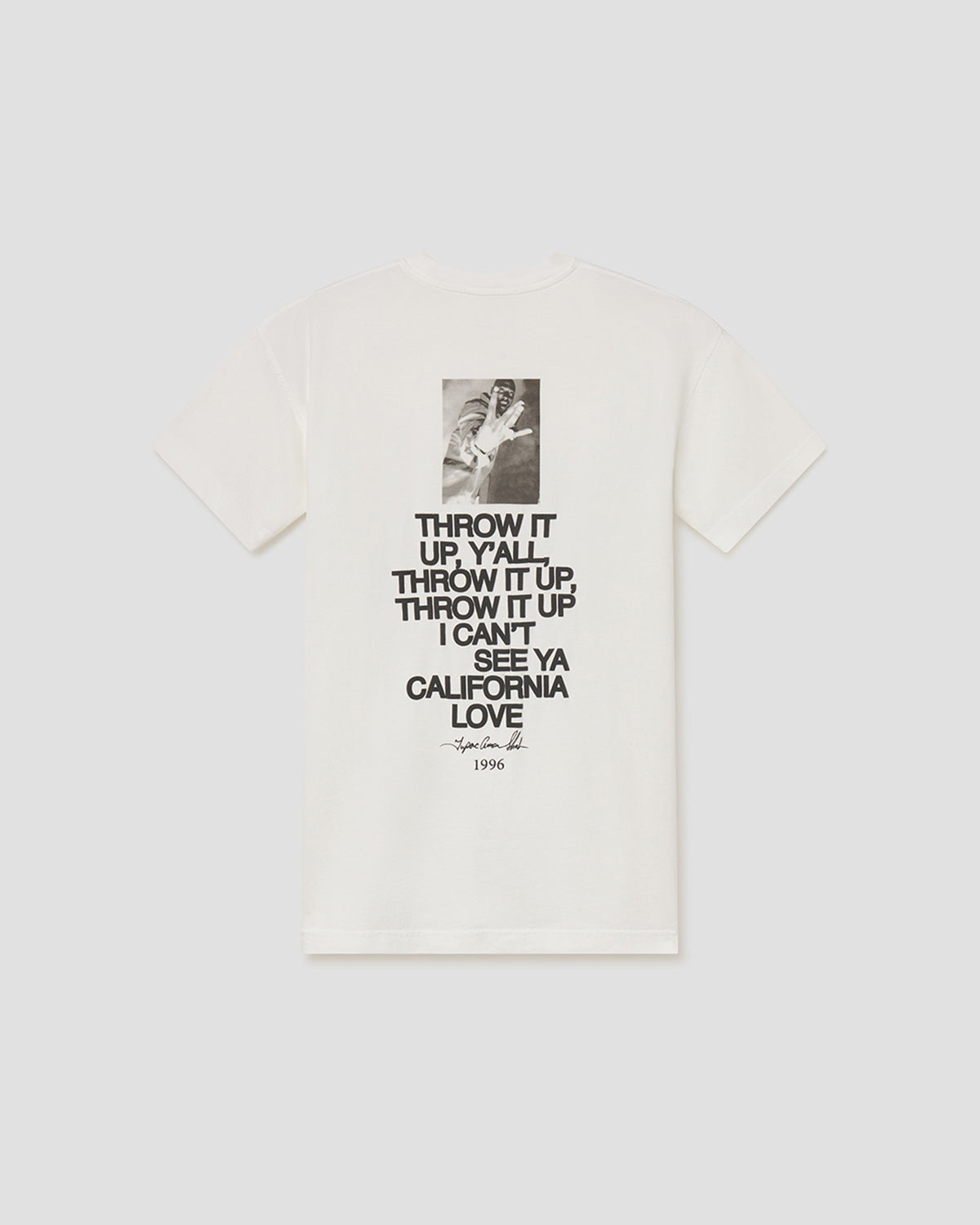 An off-white short-sleeve t-shirt with a black graphic print on the front, featuring a small photo of a hand holding a guitar above the text 'THROW IT UP, Y'all. THROW IT UP, I can't SEE YA CALIFORNIA LOVE' and '1976' at the bottom.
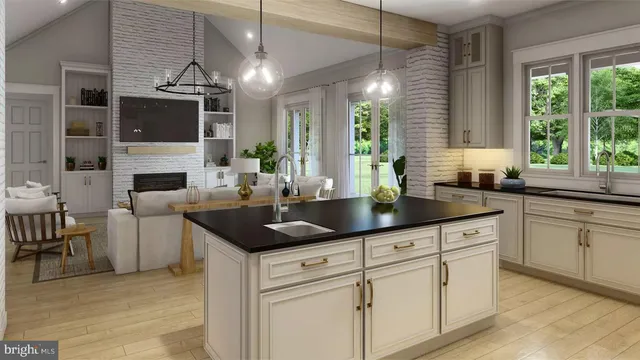 a kitchen with stainless steel appliances granite countertop a sink and a stove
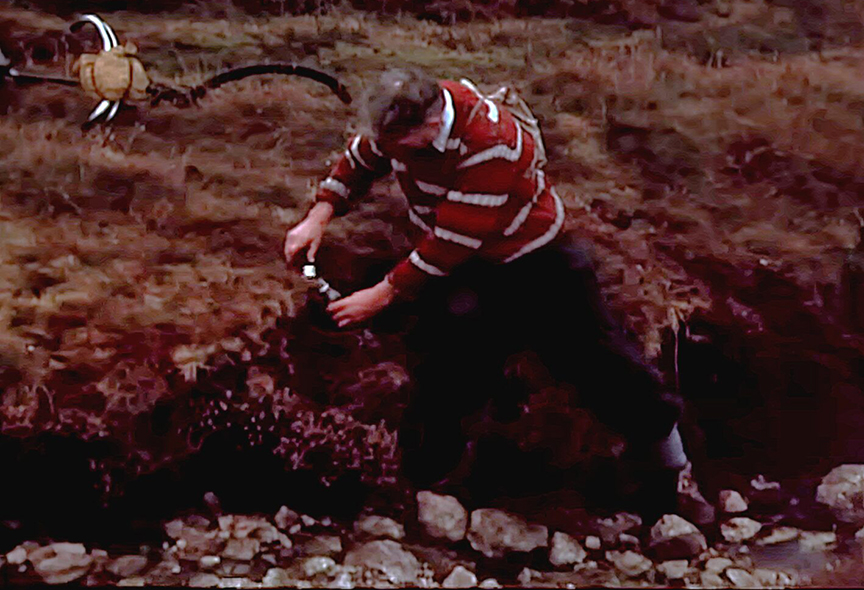 A man removes a bottle from a rock.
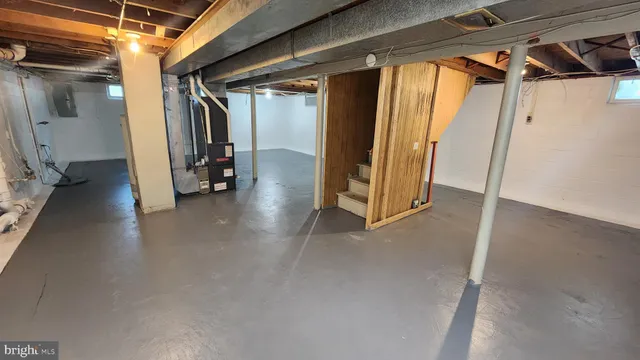 a view of a room with wooden walls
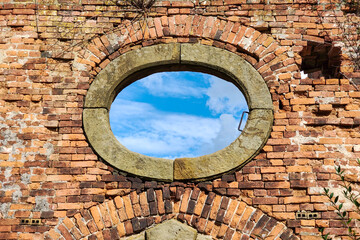 Blue sky with clouds through oval stone historic window in old abandoned brick wall, symbolising opportunity, future, openness and connection between past and new possibilities. Concept of memory
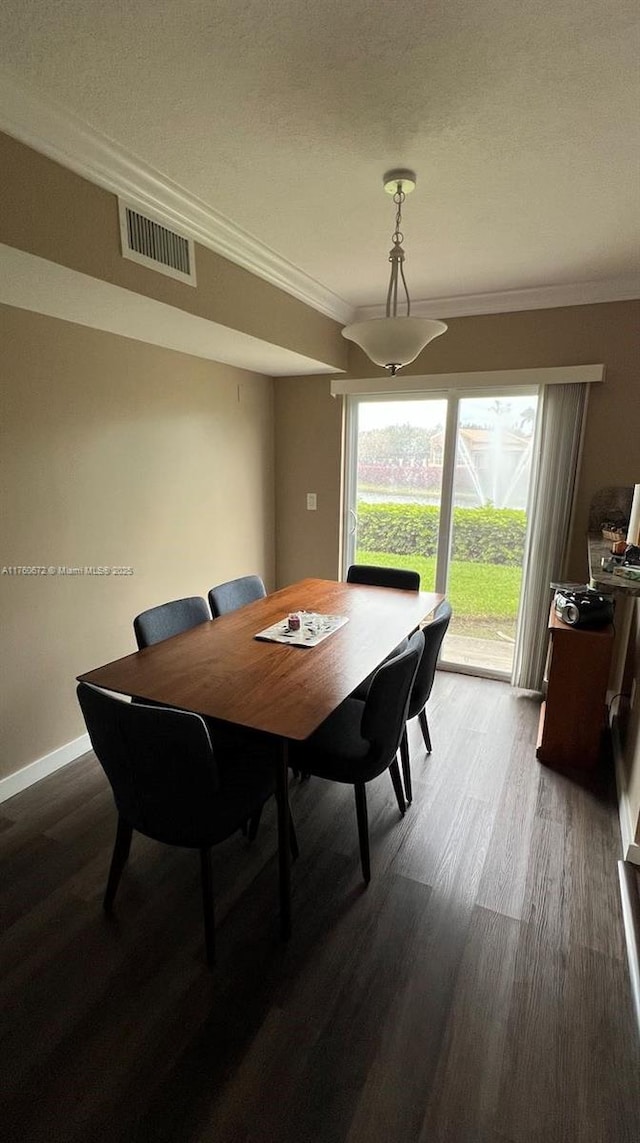 dining space with visible vents, baseboards, wood finished floors, and ornamental molding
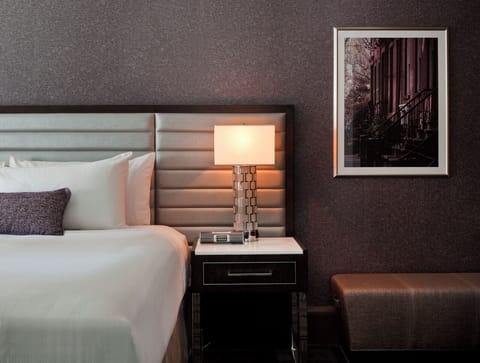 Settle in with warm bedside lighting and curated artwork.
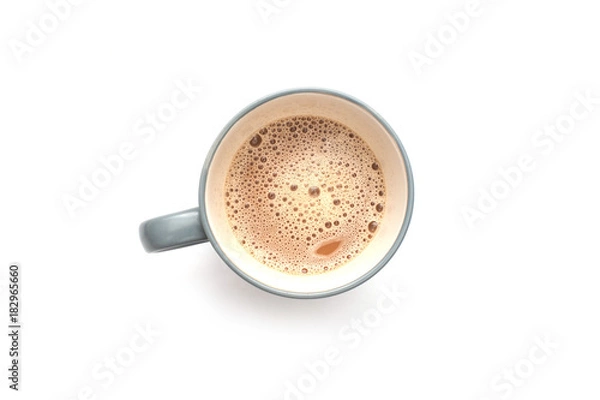Fototapeta White coffee with milk in a mug view from top isolated over white background.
--- --- ---
- [WHAT THIS TASK INVOLVES] Every entry should be returned exactly as written, minus the pictures.

- [EXERCISE RESULT]
 An off-white short-sleeve t-shirt with a black graphic print on the front, featuring a small photo of a hand holding a guitar above the text 'THROW IT UP, Y'all. THROW IT UP, I can't SEE YA CALIFORNIA LOVE' and '1976' at the bottom.
 a kitchen with stainless steel appliances granite countertop a sink and a stove
 A man removes a bottle from a rock.
 a view of a room with wooden walls
 Blue sky with clouds through oval stone historic window in old abandoned brick wall, symbolising opportunity, future, openness and connection between past and new possibilities. Concept of memory
 dining space with visible vents, baseboards, wood finished floors, and ornamental molding
 Settle in with warm bedside lighting and curated artwork.
Fototapeta White coffee with milk in a mug view from top isolated over white background.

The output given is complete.